Borges, of course, is happy with his massive library of classics.
Lem doesn't do a 'normal' critique in the sense of dealing with an author's themes and writing style etc... He even attacked Solaris by Tarkovsky for changing his SF plot into mystical drivel.
Lem is a Scientific Pessimist, and one of the most underlooked cultural commentators out there, given how relevant the stuff he came up with has to do with Superintelligence, Information, and Cybernetics. Thus the essay on Stapledon outlines his moral stance:
"The passengers of a mailcoach, and even the coachman, may allow themselves to doze off now and then; the civilizational equivalent of this is utopian reverie with no empirical status. But race-car drivers may not lapse into reveries, and it does not matter whether they are sweet or horrible; they must be alert for each curve in the road scantily lit by the headlights.

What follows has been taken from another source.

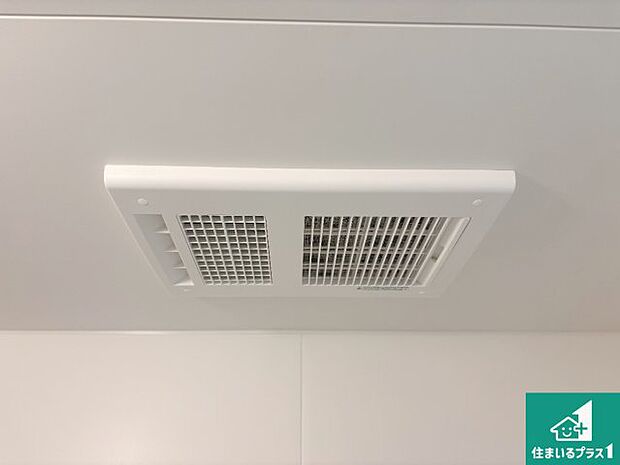 【浴室暖房乾燥機】四季を通して快適なバスライフをお手伝いする浴室暖房乾燥機！浴室の乾燥・暖房・涼風・換気はもちろん、２４時間換気にも対応！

In the same way, a civilization like ours may not content itself with fantastic visions, no matter whether they are rose-tinted or black as soot. Good prognoses are a matter of life and death. The total rigidification of a dynamic system like humanity as it develops over several billion years is inconceivable. We have not seen a single process with that degree of stability in the whole observable universe, if we are speaking of truly complex processes. Earthly civilization as a whole has never achieved uniform stasis; and this is probably why the idea haunts us that it would be the peak, the state of equilibrium, of the dynamic process of perfection, which, once reached, will sustain itself automatically. But all new data that cause the restructuring of systems can disturb the previous equilibrium. The information-content of science is like the liquid that fills a syringe, and the introduction of civilization into life (i.e., the instrumental utilization of acquired theoretical knowledge) is like the injection itself; obviously, not every injection is absolutely beneficial, let alone a gift, merely because it is new. The histories of science and technology teach us that only the most direct consequences of the "injection of the new" can be foreseen in general terms. The later, and more far-reaching, consequences are unpredictable. At least they have been in the past. "

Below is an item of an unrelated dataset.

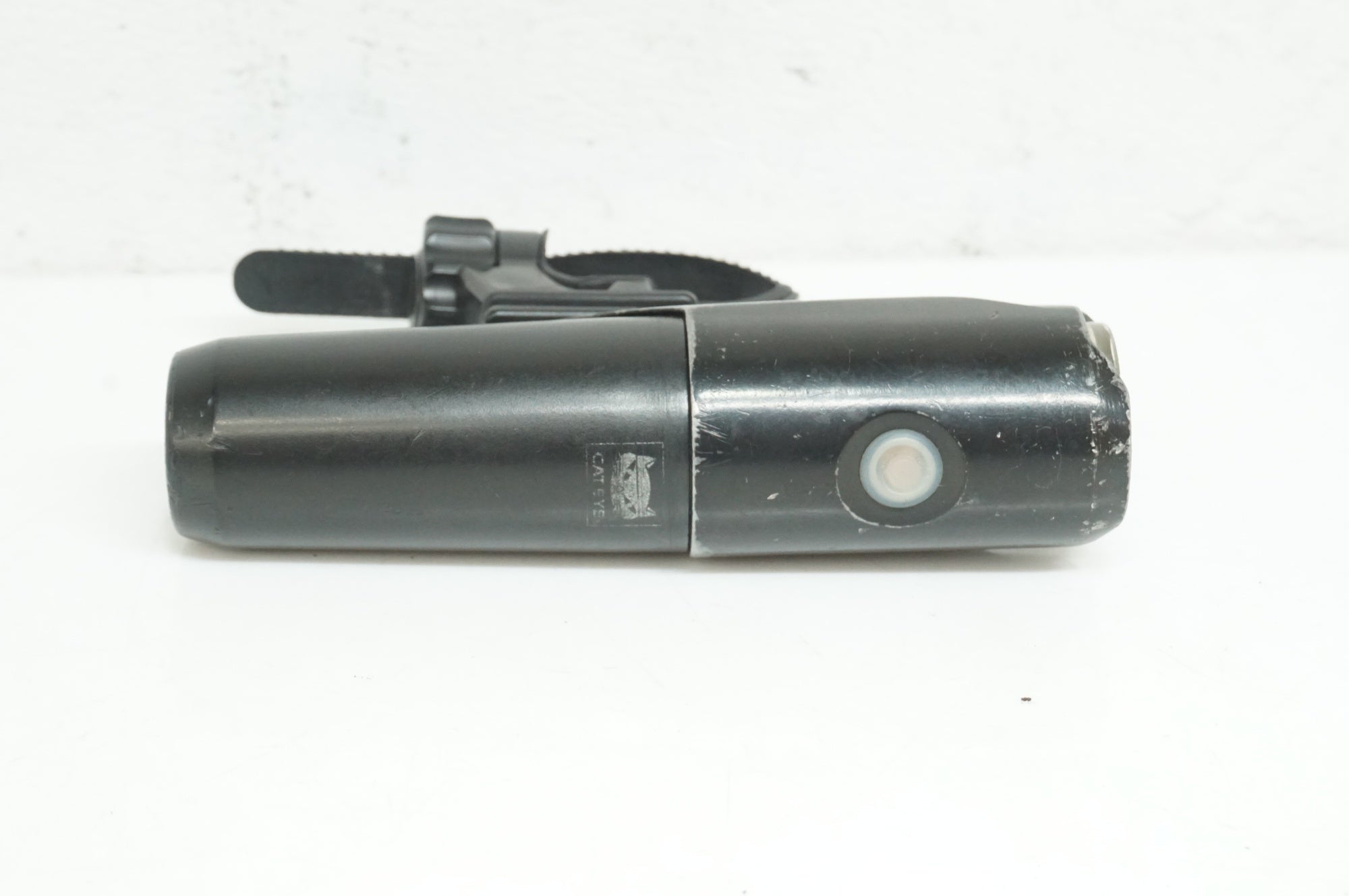 CATEYE 「キャットアイ」 VOLT800 フロントライト / 大宮店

>>7662950 Its like before, there's hardly a comparison between them as their aims were so different. So I'm not really seeing how Borges was btfo by Lem, or what Lem even thinks Borges was supposed to be doing instead.
>He even attacked Solaris by Tarkovsky for changing his SF plot into mystical drivel. Lol it seems he was more pissed about all the movies being turned into petty dramas instead of remaining faithful to the original vision.